What happened to your body? I thought everyone had a body? LOL


----------



## kyterp (Mar 3, 2011)

I just love this sweater but it is a size small. What can I do to adjust this to a large??


----------



## kathleenTC (Mar 14, 2011)

Your sweater is very pretty. Thanks for the link!


----------



## Katsch (Mar 15, 2011)

Lovely


----------



## JoyceinNC (Oct 28, 2011)

kyterp said:


> I just love this sweater but it is a size small. What can I do to adjust this to a large??

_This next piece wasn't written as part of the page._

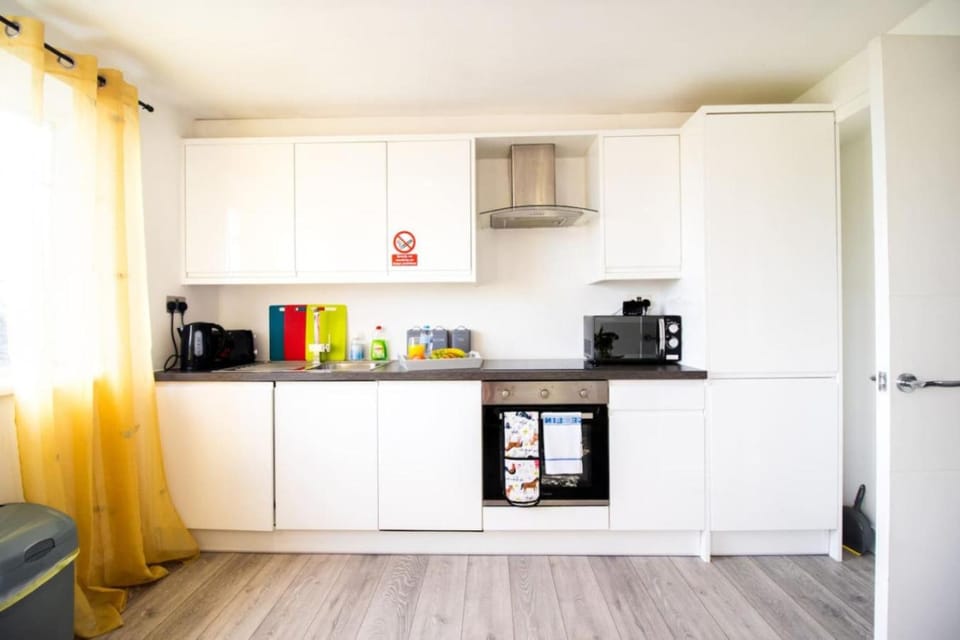 Kitchen or kitchenette, oven, stove, toaster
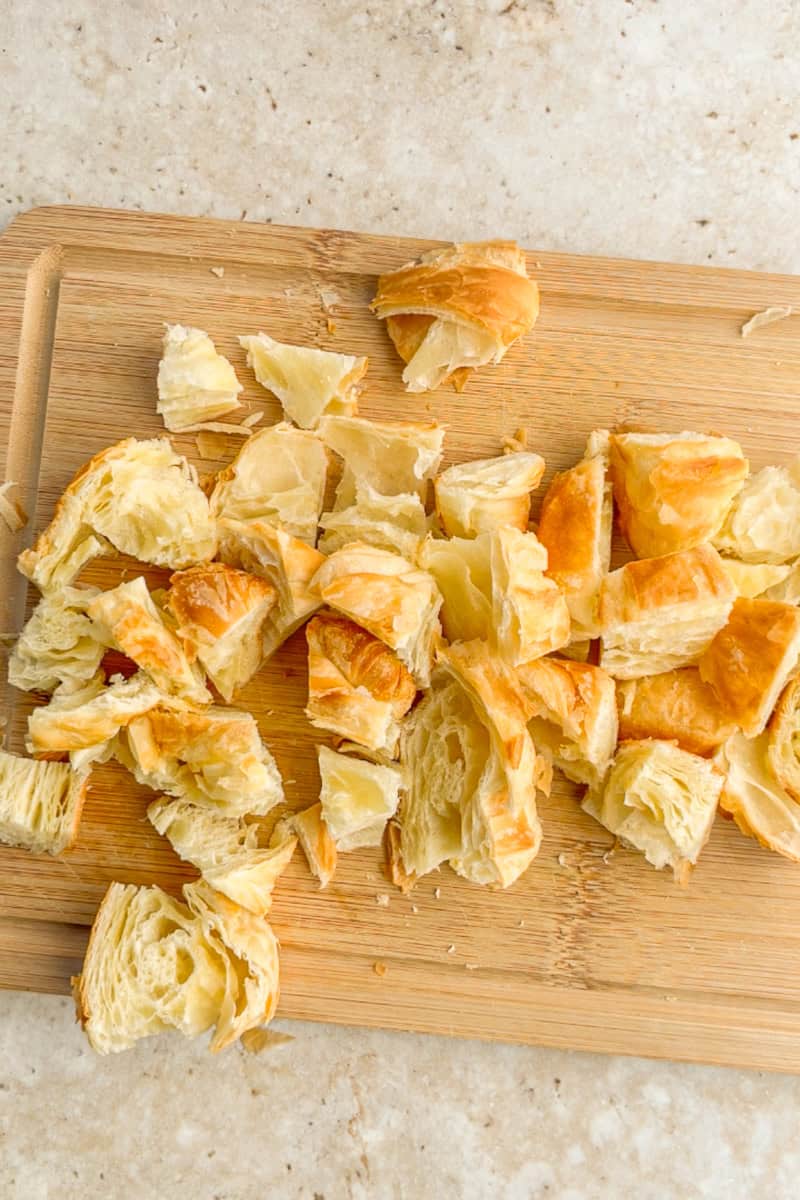 Chopped croissant pieces rest on a wooden cutting board before being seasoned and baked.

Be sure to read her introduction where she talks about adapting to larger sizes. I will have to do this also. I would compare her instructions with the instructions of my favorite top-down sweater, note the differences, and "drop" her lace patterns into my favorite sweater pattern. That front closure will take some study, but is possible. She has written her instructions out the long way, most of my sweater patterns are more compactly written.

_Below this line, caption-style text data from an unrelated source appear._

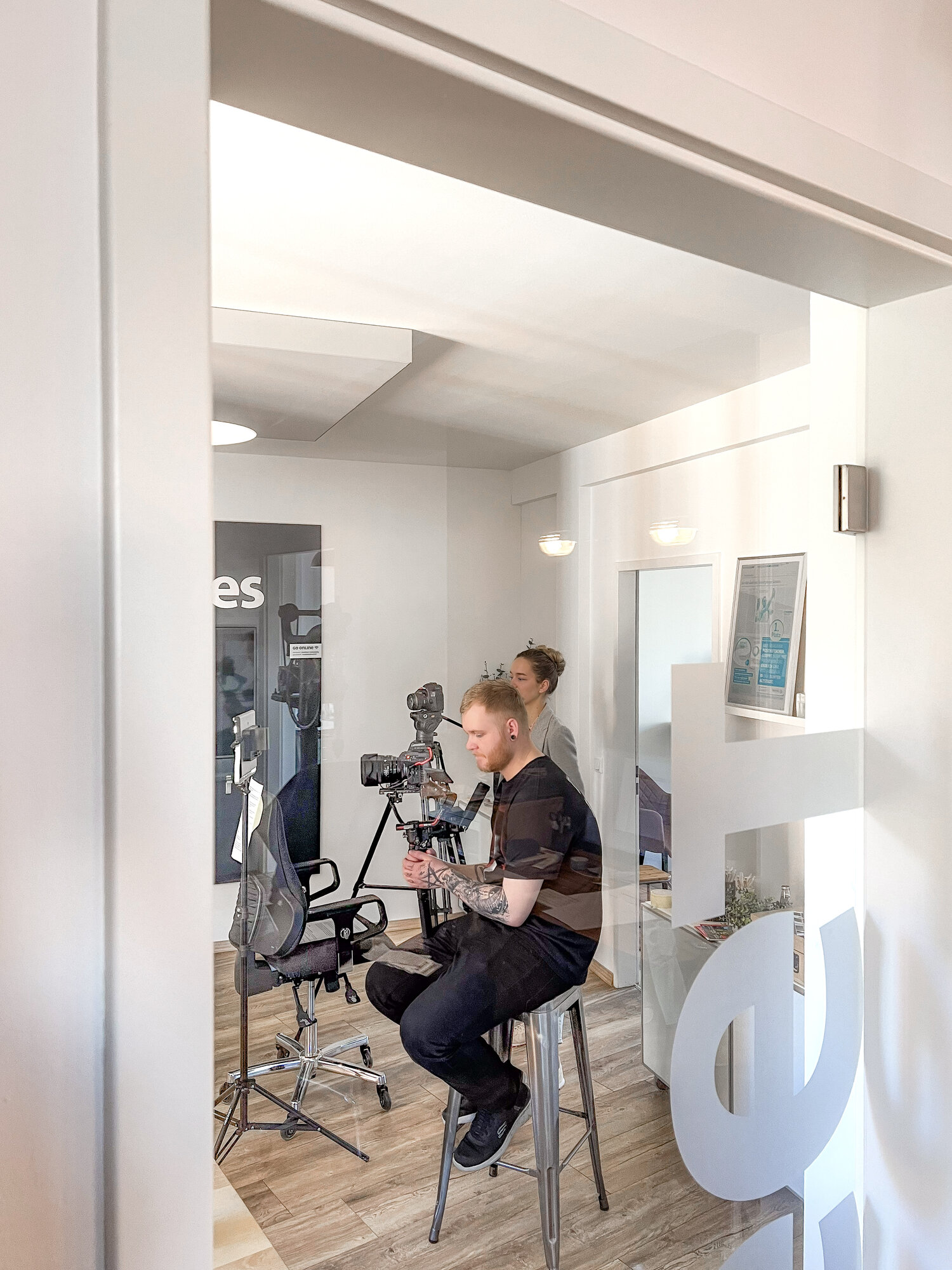 Kameramann beim Filmen durch die Glastür in das Podcast-Studio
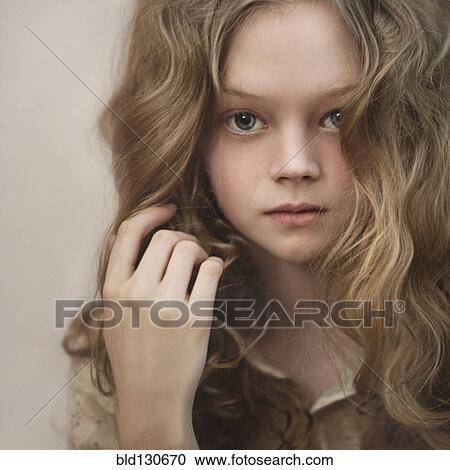 Stock Image - Caucasian girl playing with her hair. Fotosearch
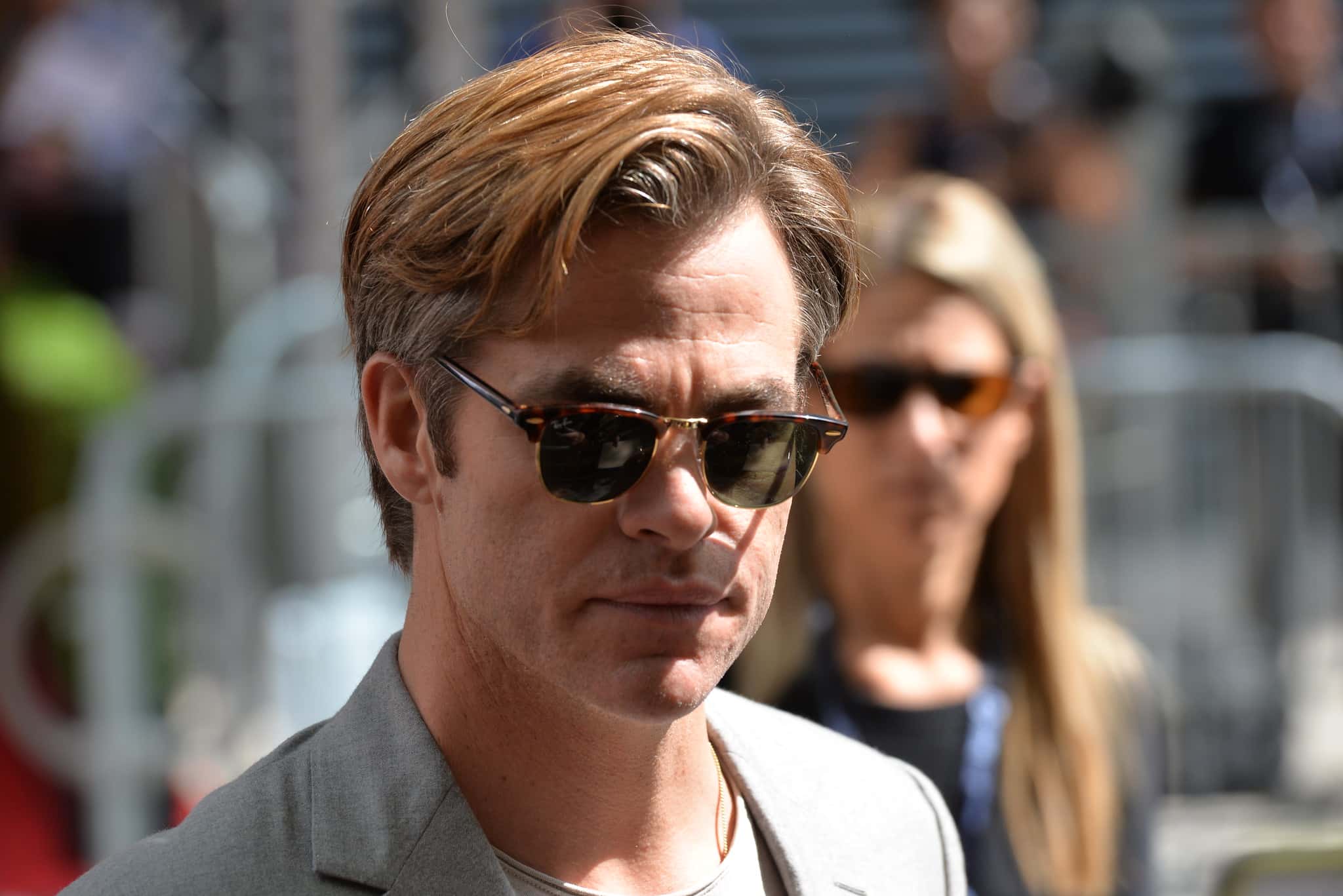 Chris Pine wearing black sunglasses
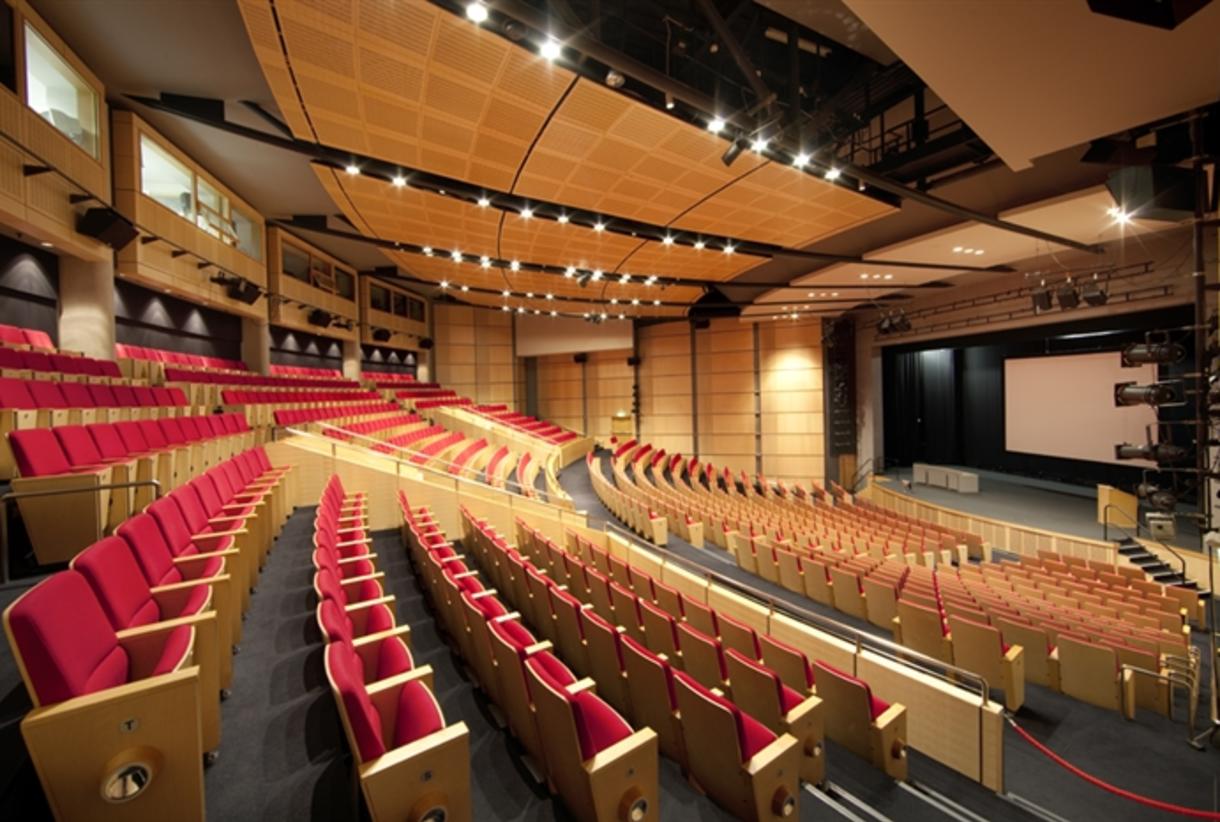 Central Hall Manchester auditorium with tiered seating for conferences and seminars. - Banner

P.S.- in the comments below the pattern, she explains to one person how to adjust the cast on stitches for a larger size. Hooray!

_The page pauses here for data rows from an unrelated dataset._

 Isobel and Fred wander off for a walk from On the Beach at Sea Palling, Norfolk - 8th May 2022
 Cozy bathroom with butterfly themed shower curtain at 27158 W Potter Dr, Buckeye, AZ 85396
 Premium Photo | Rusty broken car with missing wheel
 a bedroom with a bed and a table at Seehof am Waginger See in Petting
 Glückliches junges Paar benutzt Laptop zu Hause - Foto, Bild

Beautiful sweater, would be worth the work to convert her pattern to my size!


----------



## Windbeam (Jul 31, 2011)

Beautiful work!


----------



## retirednelda (May 8, 2012)

gorgeous sweater on you!! great job on the knitting, isn`t it wonderful to be able to make a statement sweater that no one else will be wearing? The color is just lucious!


----------



## lovey (Nov 11, 2011)

It looks so soft!


----------



## knitnanny (Feb 28, 2012)

Love it! Thank you


----------



## dolores angleton (Mar 21, 2011)

Saved it,thank you


----------



## julietinboots (Feb 19, 2011)

This is a good find. Thanks for posting it.


----------



## Dimples16 (Jan 28, 2011)

Beautiful'


----------



## denisejh (May 20, 2011)

Dusti-That really is a stunning sweater. Thanks for sharing the link! Denise


----------



## tammyc77 (Apr 7, 2012)

That IS beautiful - I love that color. Thanks for sharing it!


----------



## LauraDP (Jul 22, 2011)

Wow!!! Beautiful sweater! Love the color!


----------



## czechmate (Jun 17, 2011)

Spectacular !!!


----------



## KarenJo (Feb 24, 2011)

The details really make that sweater shine No pun intended. Nice work.


----------



## budasha (Aug 10, 2011)

Dusti said:


> I came across this gorgeous "Sunshine Sweater" and was really wowed by it. Click the url below if you want the pattern and check out her blog responses as I see some good information on it there, too. Pattern is free!
> 
> http://auntieamandaknits.blogspot.com/2007/02/sunshine.html


Wow - I love it. Now in my favourites file to do over the winter. Trouble is I have so many to do I hope I live long enough to do them all. Thanks.


----------



## RhondaP (Jun 26, 2011)

Ditto Budasha


----------



## CamillaDesertMouse (Mar 19, 2011)

Beautifully done...love the color too!


----------



## samazon (Feb 25, 2011)

That is nice! Thanks for the link :thumbup:


----------



## BTRFLY (Mar 2, 2011)

your right its beautiful!


----------



## San (Mar 9, 2011)

I so agree with LadyBecket!!!


----------